# Best approach for minimizing error for a given year when using overlapping 5-year data?

Hi Folks,

This is my first post and day on this forum.  I couldn't find the answer to this question, but if there is a good thread which exists already, please point me in that direction.

I am conducting an analysis where my geographic region is at the county level.  As such, I would like to use the 5-year data.

However, I need to run a calculation for a single year.  For example,  I need to run a calculation in Suffolks County, NY for 2010.  There are several 5 year samples (2006-2010,2007-2011...2010-2014) which overlap and include 2010.

What is the optimal approach, in terms of minimizing error, of dealing with this?  How do I combine, if at all, the different multi-year datasets to find the best figure to use.

thanks,
Eric

• The short answer is, you can't.
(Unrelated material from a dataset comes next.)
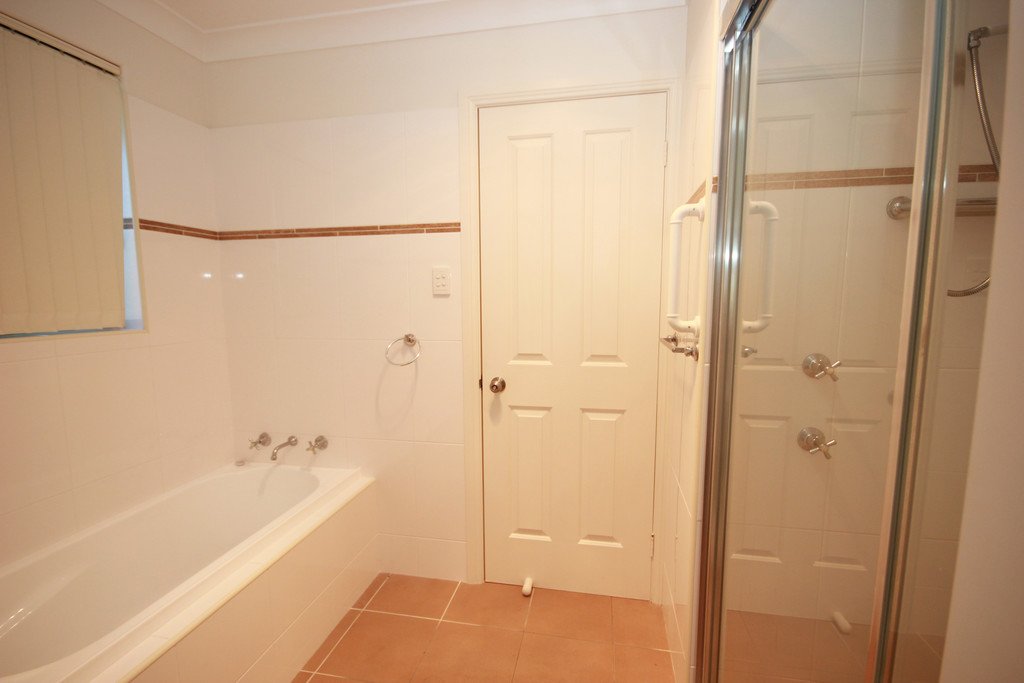  LAURIETON 6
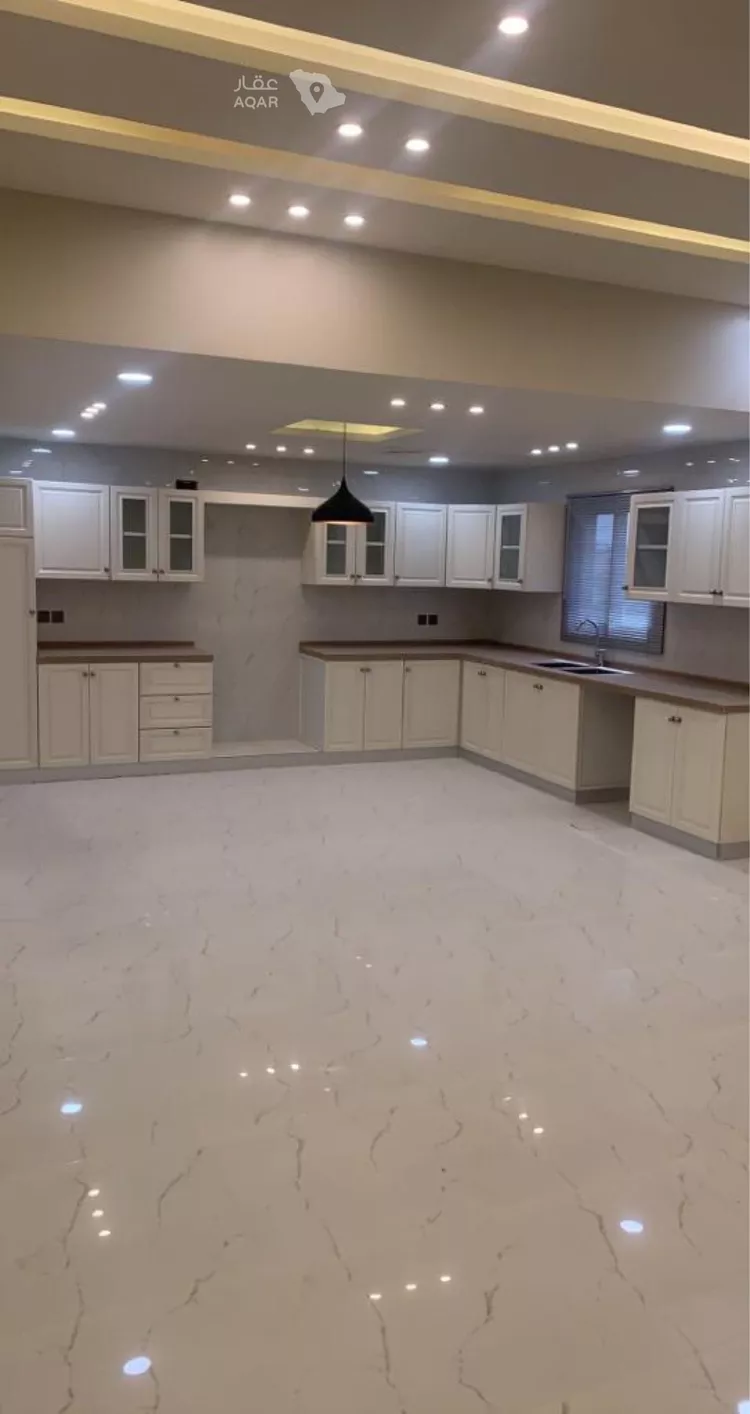 عمارة للبيع في شارع الملك خالد بن عبدالعزيز, حي العزيزية, مدينة ضرما, منطقة الرياض 6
The ACS sample just doesn't have enough cases to provide single year data for small areas, which the Census Bureau has defined as those under 65,000 population.

I would use 2008-12 and label the data presentation as such.
• The short answer is, you can't. The ACS sample just doesn't have enough cases to provide single year data for small areas, which the Census Bureau has defined as those under 65,000 population.

I would use 2008-12 and label the data presentation as such.
• In reply to Patty Becker:

PS - Suffolk County is certainly big enough to use the 1 year data, so just use 2010 1 year ACS. But you may have other counties in your analysis which are under 65,000. Don't combine 1 year and 5 year data in one presentation or analysis.
• In reply to Patty Becker:

Hi Patty,

Thank you for your response. I'm looking at all counties across the country, I just pulled Suffolk randomly.

So your recommended approach to use the 5-year data where the year of interest is the midpoint?

Why is this a better approach (statistically), than averaging the 2006-2010 set and the 2010 to 2014 set?

thanks,
Eric
• In reply to ericlaufer:

If you average the two five-year data sets, you're looking at 10 years of data, instead of 5. A 10 year spread really isn't very useful. No one loves the 5 year spread, either, but it's the best we've got for areas of under 65K population.